The Vermont-NEA, which represents some 12,000 current and retired teachers, became the first union in the country Wednesday to endorse Sanders. Earlier this month, the South Carolina AFL-CIO's executive board
passed a resolution supporting his candidacy, but its broader membership has yet to issue a formal endorsement.
While Vermont teachers may not make or break a national election, Allen promises to turn the Vermont-NEA's support into action — particularly in neighboring New Hampshire.
"We'll see what they need, where they need boots on the ground and send [our members] that way," she says.
The endorsement should generate at least
some votes in the first-in-the-nation primary state: According to Vermont-NEA spokesman Darren Allen, 350 of the union's members actually live in New Hampshire.

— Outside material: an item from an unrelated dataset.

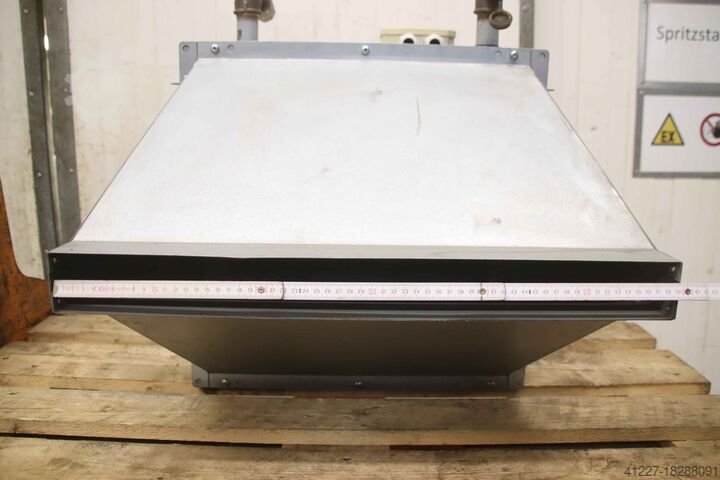 Hall heating Kampmann Tip 5000 2-Stufen 157000573036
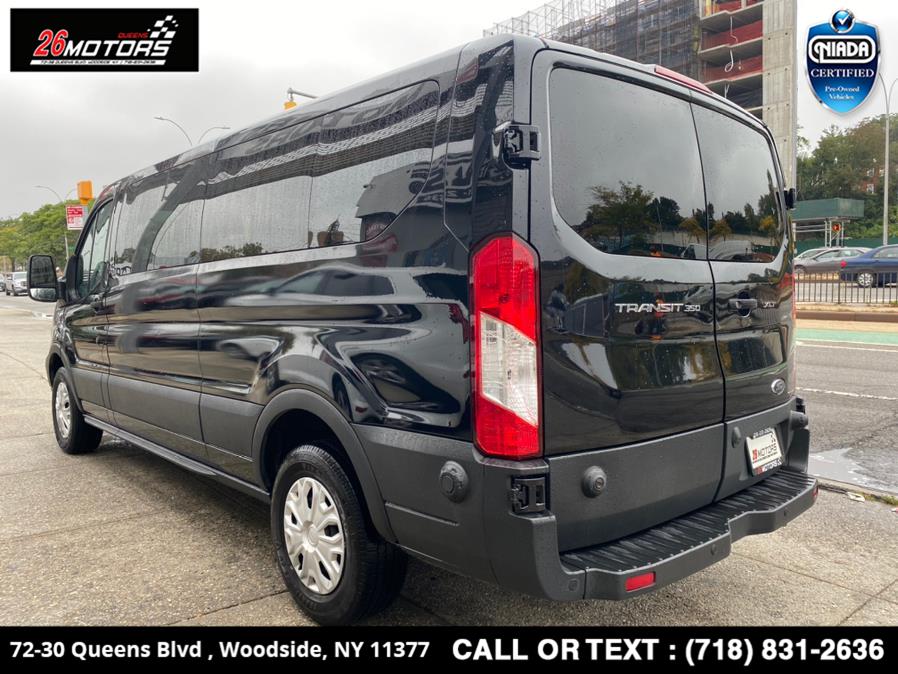 Used Ford Transit Passenger Wagon T-350 148" Low Roof XLT Sliding RH Dr 2019 | 26 Motors Queens. Woodside, New York Used Ford Transit Passenger Wagon T-350 148" Low Roof XLT Sliding RH Dr 2019 | 26 Motors Queens. Woodside, New York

Martha Allen says she hopes to persuade her colleagues in other states to follow suit. Next week, she'll join a 15-member Vermont delegation in Orlando for the NEA Annual Meeting and Representative Assembly.
"We're going to wear our Bernie T-shirts one day and say, 'A lot of you don't know him, but you should get to know this guy,'" she says.
The national union has interviewed Sanders, former secretary of state Hillary Clinton and former Maryland governor Martin O'Malley, but likely won't issue an endorsement until late this year, Allen says.